WOW: That is amazing. What great success and how exciting that your columns were syndicated and became books! And of course, we must ask about your Golden Retriever and his Instagram account! Do you use this as part of your marketing for your writing or is it a part of your hobbies?
Taprina: Scout, my female golden retriever, just turned six. She is named Scout after the little sister in the book, To Kill A Mockingbird. My kids joke that my husband and I got Scout as an empty-nest-coping-mechanism. They are probably right. She and I didn’t start off on the right foot, though. As a puppy, she ate reading glasses, food from the counter, and library books (this is the abbreviated list). Everyone would tell me to be patient because by three years old, I’d have a really good dog. I wasn’t sure she’d make it to three years. The month my husband died, however, Scout turned three, and by that time she had become a very good companion. I’m not sure what life would be like without her. My kids now call her my golden child, which is why I started Scout an Instagram account @thisgoldenchild. It’s just for fun but, yes, Scout is a very important part of my life and definitely shows up in my writing.

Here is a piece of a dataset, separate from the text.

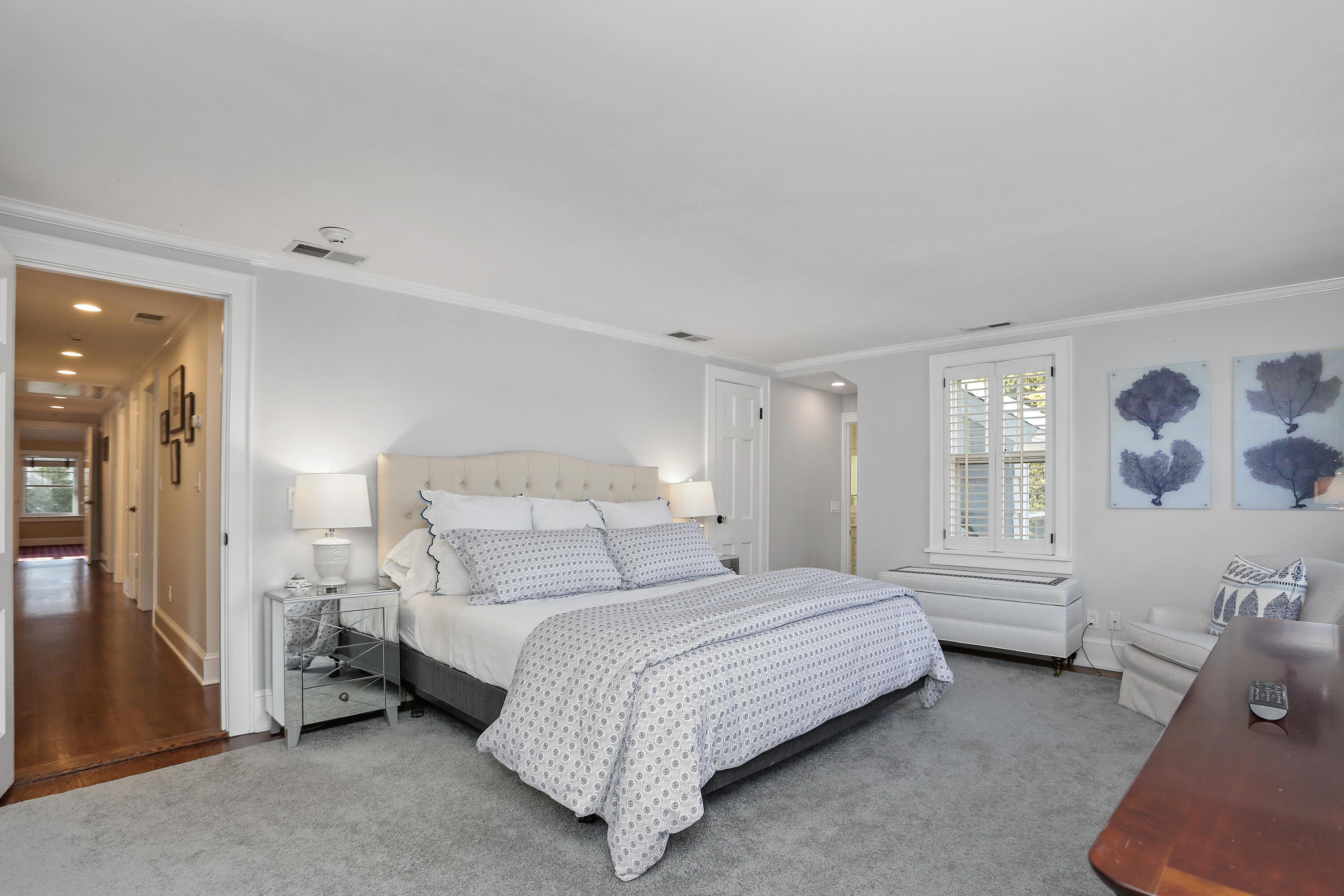 8 Beach Drive Darien, CT 06820 - Photo 16 of 27 a bedroom with a bed and a couch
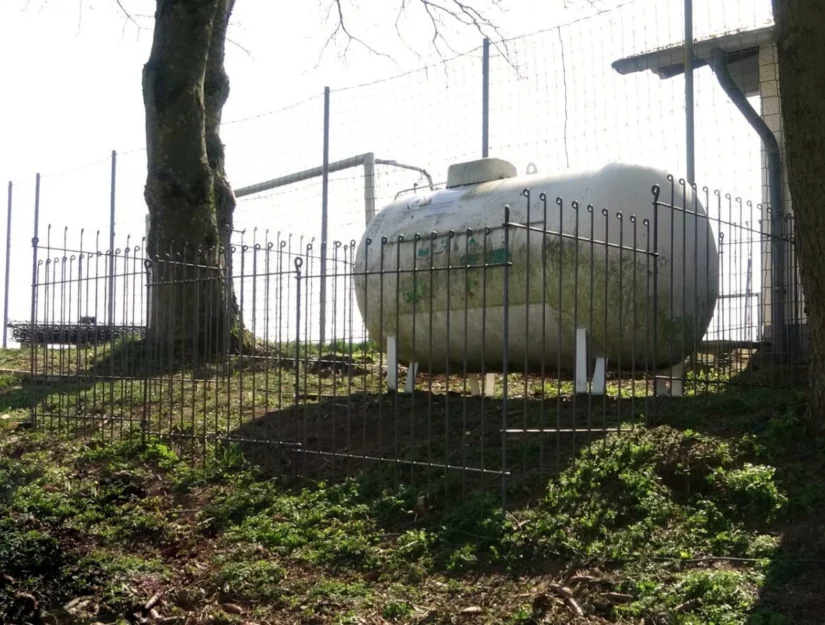 Hekwerk rond een gastank naast een voetbalveld.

WOW: Look, puppies are no joke! I have one from the Humane Society, a "lab mix" who has to have some hound in her. She keeps me on my toes, and I keep saying to myself, "This will get better." So I can totally understand about Scout! Your story of her getting better at 3 gives me hope. To close, can you tell us about your blog and what's next for you on your writing journey?
Taprina: My blog is called Reimagining. A few months after my husband died, a good friend took me to lunch and told me that one day joy would return but that I would have to use my imagination to reimagine a new life. I respected that advice from her because she was also widowed. The blog is where I go to share stories about rebuilding and reimagining a new life. My hope is that as I put my stories out there about grief, widowhood, empty nest, etc, that someone in a similar situation as I am in may stumble upon it, and it might help them, too. I believe we have to help each other as we learn and grow. As far as my writing journey goes, I am working on a third book of essays (working title: What Now Scout? Reimagining Life with My Golden Child); and one day, I’d love to write a fiction novel. I’d also like to teach a writing class on the importance of writing through grief.
WOW: Taprina, we wish you the best success with your book and your novel. Thank you for providing such personal answers to our questions. We know readers will be able to learn from you and your experiences. You definitely top the list of brave and wonderful women writers.